Confession: I am a work method junkie. If there is a book on strategies or experiences to make life more efficient or productive, I tend to like reading it. Even if the content reveals that many tricks are already familiar or a part of my own routine, I find it inspirational to learn how others have mastered their time or goals and achieved something. At the end of the Gregorian Calendar, I like to put aside my academic reading and writing routine aside for a couple of days to re-evaluate how I work. Over the last couple of days, I have read Cal Newport's Deep Work: Rules for Focused Success in a Distracted World (2016). Many of his strategies, including deep thinking during walks to work or scheduling uninterrupted times for concentrated work, are methods that I have also come to find useful in my life. Although there was little new that I picked up from this book, as a strong believer in the power of deep, concentrated, and undistracted work, I found this book interesting enough to finish. 

My own use of concentrated and devoted work time stems from my experiences of growing up in Japan. In this structured and disciplined country, it is common for the general public to have respect to those who devote their entire life to one specialty. This level of devotion is really difficult to find in the United States. Here, it seems that popularity of ideas and topics change by the minute. There is an unsettling amount of rapid change that takes place. If you can't keep up, you are definitely going to fall behind, at least in certain circles of society. 

However, from the number of books and movements of focused and purposeful living strategies that can be found on the internet and littered in the bookstores, perhaps this is changing here. I have noticed some seeking to find calm in their lives through meditation. Others have finally understood that fast and constant change is not always a sign of productivity.

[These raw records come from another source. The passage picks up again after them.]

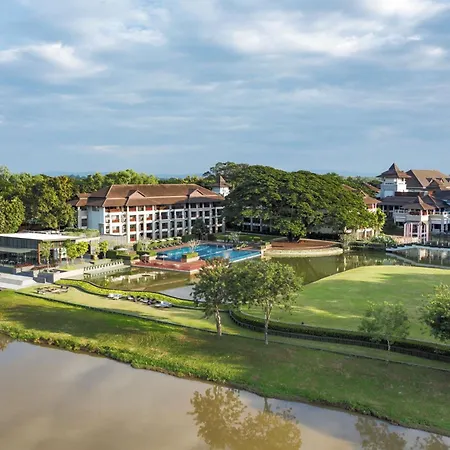 Le Meridien Chiang Rai Resort, Thailand-2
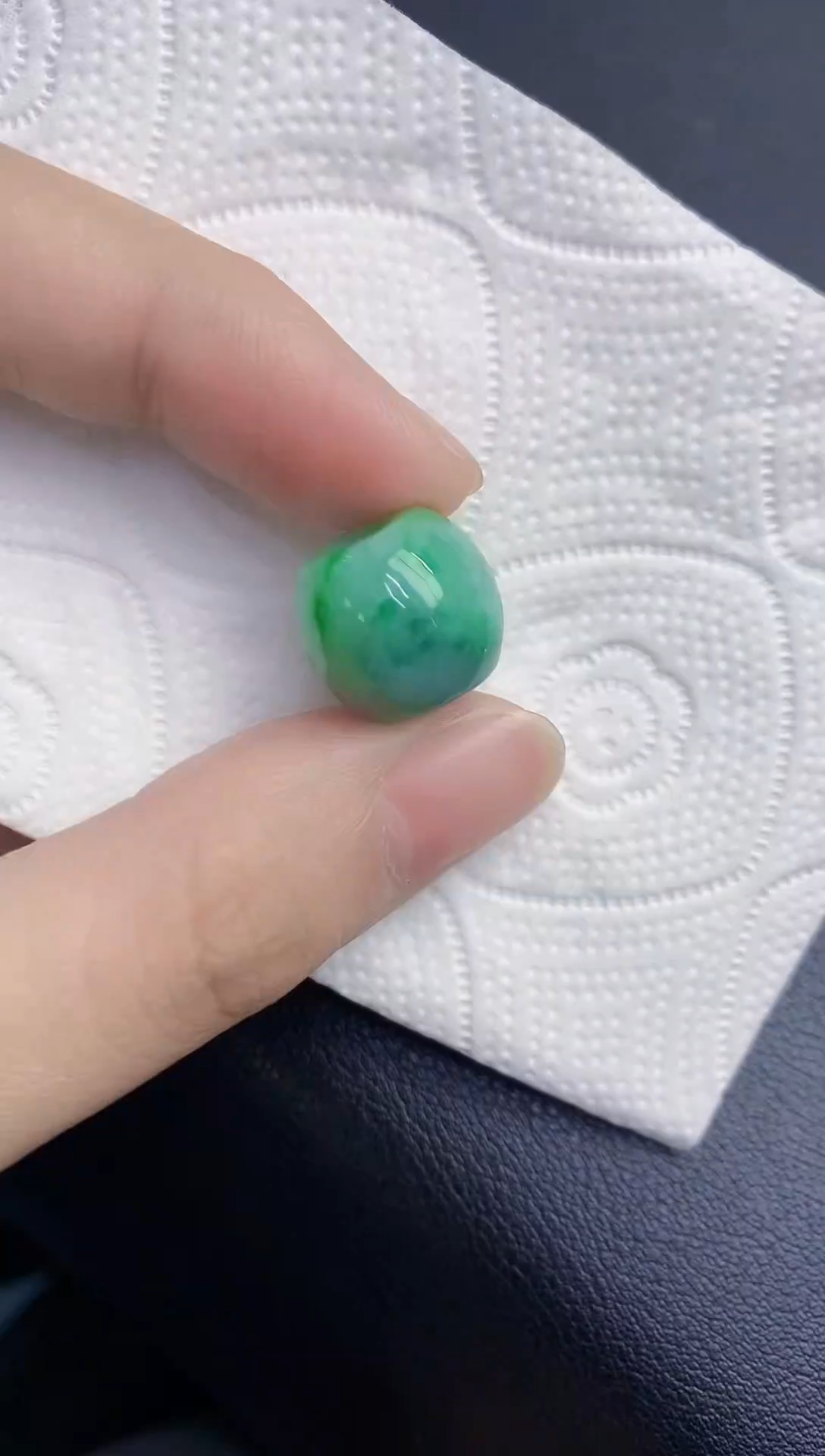 颈饰未镶嵌翡翠天然翡翠缅甸A货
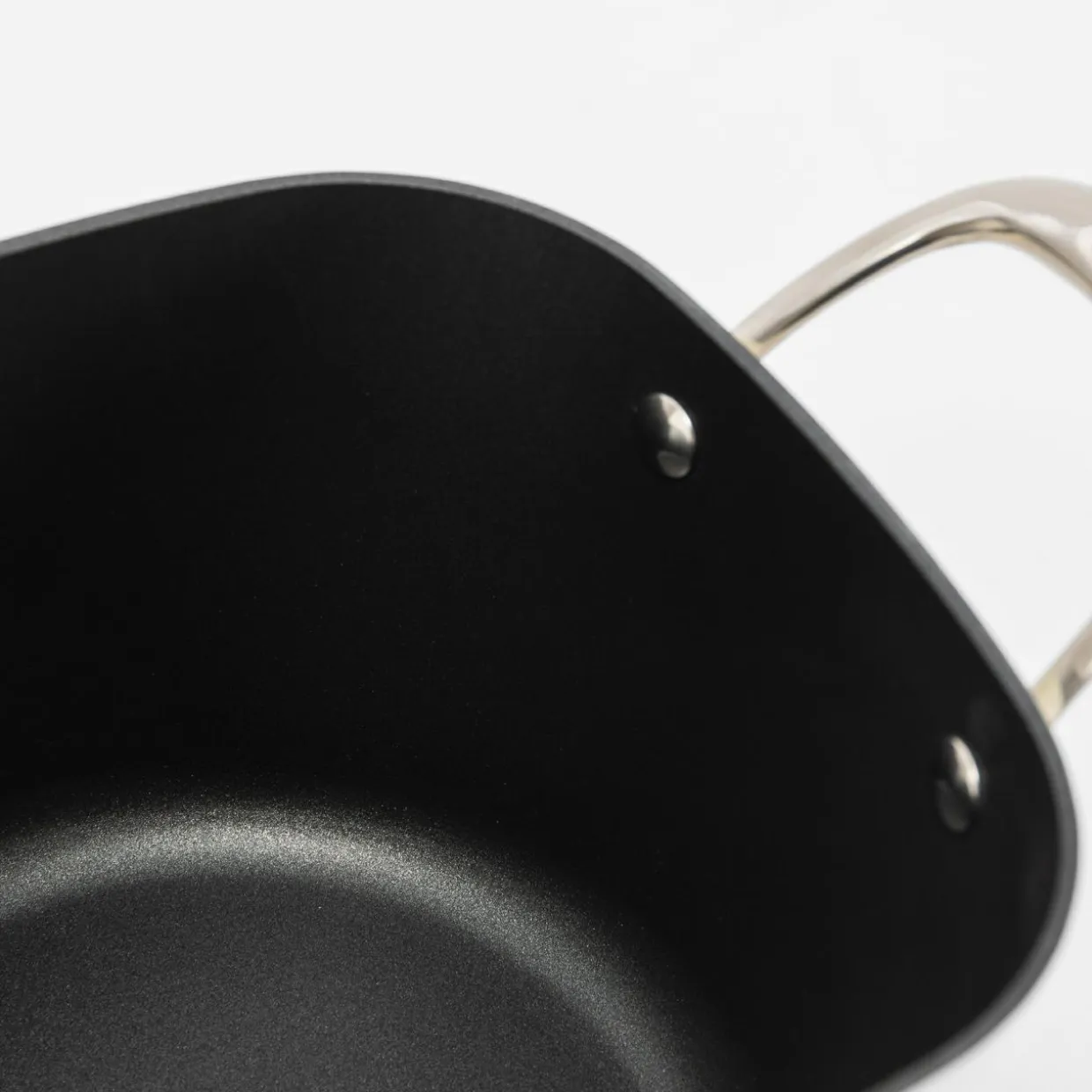 Garnek na indukcję biały QUADRATO 3,5 l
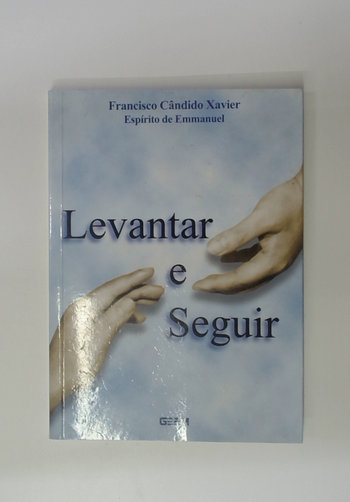Capa do livro Levantar e Seguir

There are, it seems, small but significant changes that might be taking place in the mentality of work ethics here in the US.

In many ways I feel that in the last year I was able to find a new level of working strategies that work for me, especially as I meticulously documented my work methodology throughout the summer of 2016. By keeping record of how many words I write during a 365 day period, I now have a good idea for how much writing that I am capable of accomplishing within this time. I know, for example, that I could write more if necessary. At this experimental level, I have come to understand that my 30,000 words a year word count is more of a minimum requirement than a maximum outcome. In my current work situation, writing more than this would require more isolation from friends and family -- something that I am not willing to give up at this moment. But at a later date, when I need to be producing more writing, I am confident that I can find methods of doing so.

I have not read the book by Maggie Berg and Barbara Seeber, The Slow Professor: Challenging the Culture of Speed in the Academy (2016), but would guess that I would resonate with its contents as well. Slowing down and paying attention to the details of my work will be a goal that I will aim to achieve in 2017. During my undisturbed Fridays, I will continue to strive and find at least four solid hours of undistracted time for writing and thinking through problems that I cannot handle during my otherwise busy work week. During the week, it is only possible for me to find around two hours a day -- enough to get some concentrated work done but not enough to make the type of progress I want at the moment. 

Two years from the completion of my doctorate, I feel that I have found a new way of working as I begin my career. I still have places of refinement that need to take place and 2017 will be a year of discovering small habits that I will add to the over-all methods that I have established so far.